(Your objective) Your task is to give the records again exactly. Leave each picture out.

(Study material)
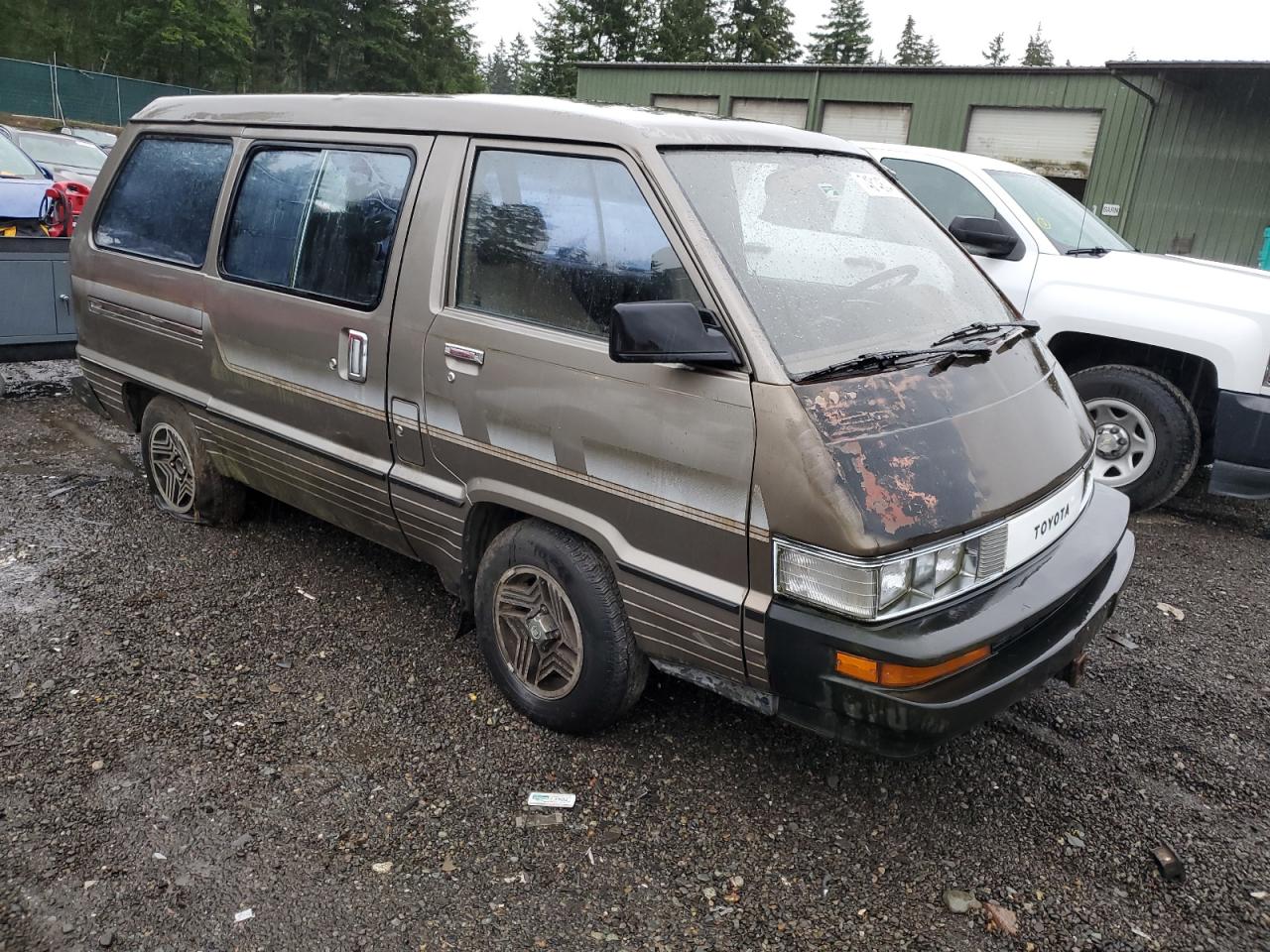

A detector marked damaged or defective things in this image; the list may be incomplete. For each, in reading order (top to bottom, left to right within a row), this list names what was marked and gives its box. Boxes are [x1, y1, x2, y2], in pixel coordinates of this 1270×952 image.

rusty hood [782, 340, 1091, 555]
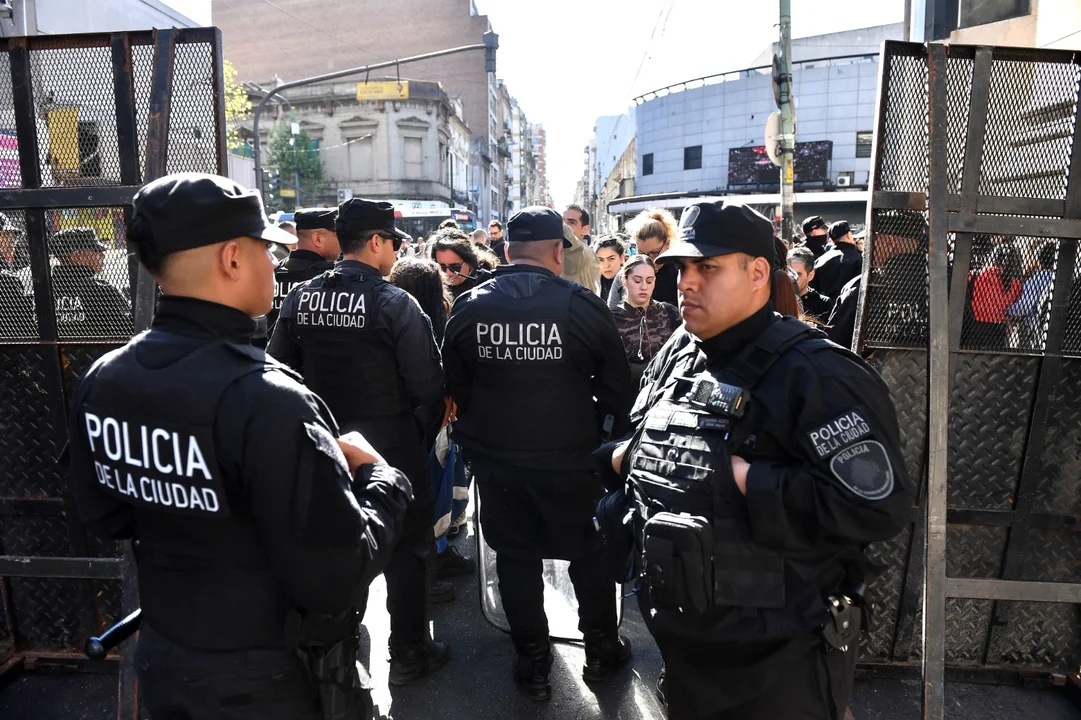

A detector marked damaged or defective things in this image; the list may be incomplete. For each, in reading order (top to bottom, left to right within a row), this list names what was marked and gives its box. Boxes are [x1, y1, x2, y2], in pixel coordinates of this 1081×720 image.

rusty metal fence panel [0, 26, 223, 700]
rusty metal fence panel [851, 42, 1081, 713]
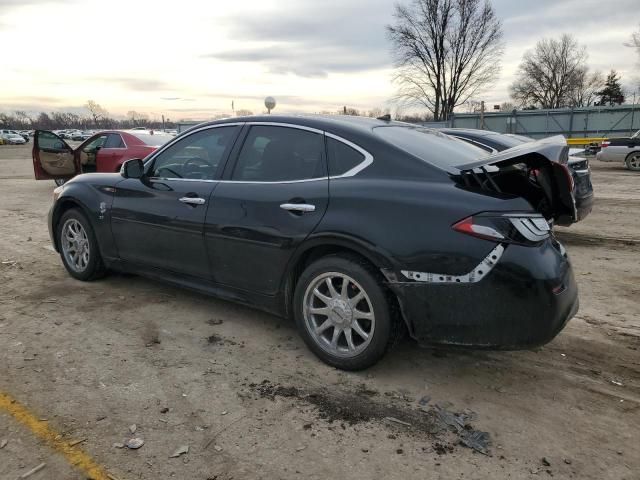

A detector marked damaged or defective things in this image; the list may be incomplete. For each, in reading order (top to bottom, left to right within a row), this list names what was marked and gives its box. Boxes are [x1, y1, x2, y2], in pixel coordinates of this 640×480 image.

broken tail light [452, 213, 552, 246]
damaged rear bumper [384, 239, 580, 348]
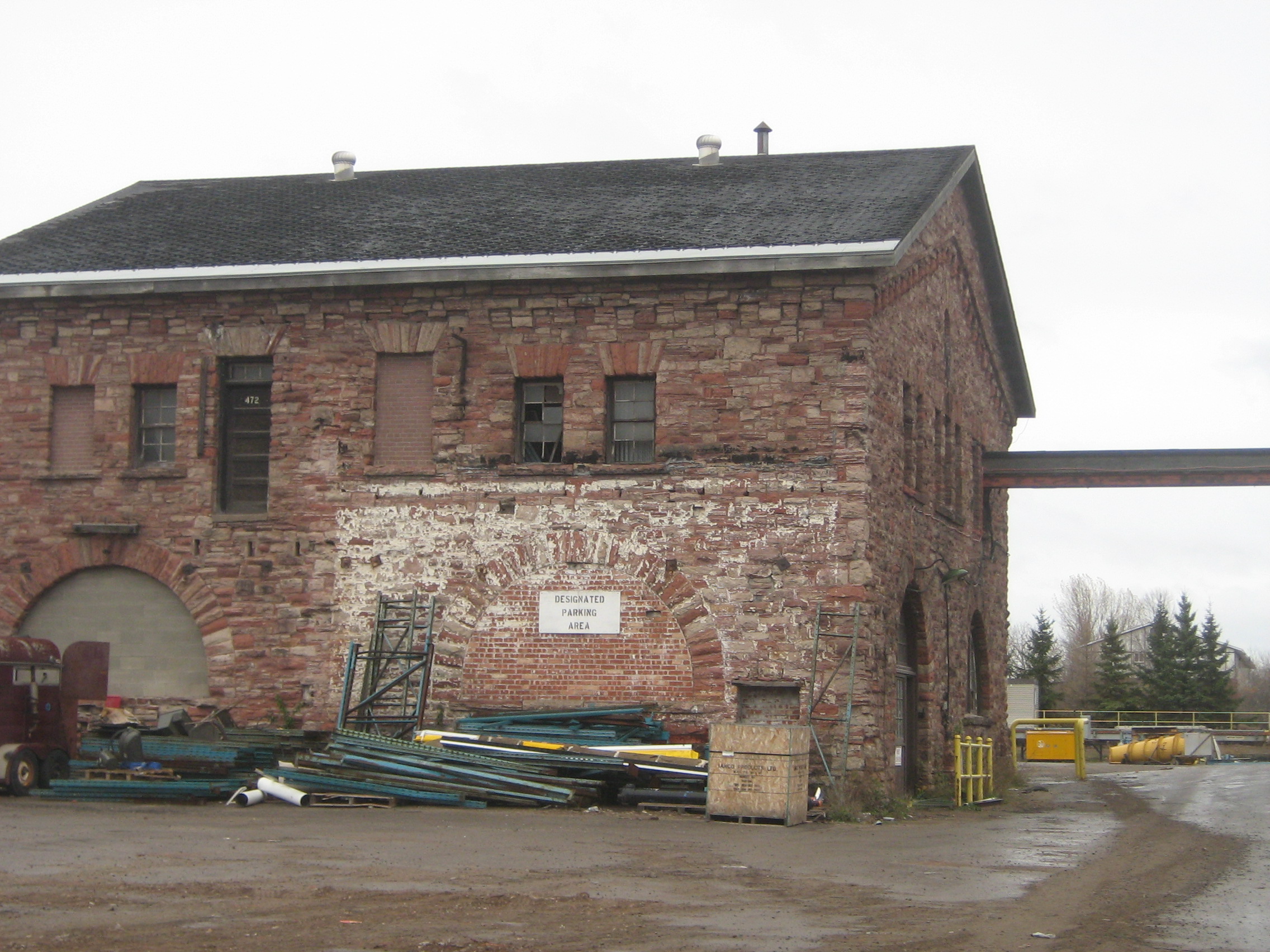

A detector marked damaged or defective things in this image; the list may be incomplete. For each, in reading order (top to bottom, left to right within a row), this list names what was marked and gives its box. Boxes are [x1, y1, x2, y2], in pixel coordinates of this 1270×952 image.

broken window [49, 384, 94, 474]
broken window [135, 384, 177, 463]
broken window [219, 360, 272, 516]
broken window [376, 351, 434, 472]
broken window [519, 382, 563, 467]
broken window [608, 378, 662, 463]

(The answer)
A detector marked damaged or defective things in this image; the list may be incomplete. For each, in reading order (top to bottom, left to right within a row), this list names what was marked and gives its box. Boxes are [x1, y1, x2, y2], in pixel coordinates of this 1270×952 image.

rusty hood [782, 340, 1091, 555]

A detector marked damaged or defective things in this image; the list may be incomplete. For each, in reading order (top to bottom, left to right within a row), this list names what was marked and gives its box. Boxes are [x1, y1, x2, y2], in pixel coordinates of this 1081×720 image.

rusty metal fence panel [0, 26, 223, 700]
rusty metal fence panel [851, 42, 1081, 713]

A detector marked damaged or defective things in this image; the list may be incomplete. For each, in reading order (top to bottom, left to right within a row), this list names what was marked and gives its box. Boxes are [x1, y1, x2, y2], in pixel coordinates of this 640×480 image.

broken tail light [452, 213, 552, 246]
damaged rear bumper [384, 239, 580, 348]

A detector marked damaged or defective things in this image; the list may be incomplete. For each, in reading order (top to bottom, left to right within a row), this list names what was marked and gives its box. Boxes are [x1, y1, x2, y2], in pixel coordinates of this 1270×952 image.

broken window [49, 384, 94, 474]
broken window [135, 384, 177, 463]
broken window [219, 360, 272, 516]
broken window [376, 351, 434, 472]
broken window [519, 382, 563, 467]
broken window [608, 378, 662, 463]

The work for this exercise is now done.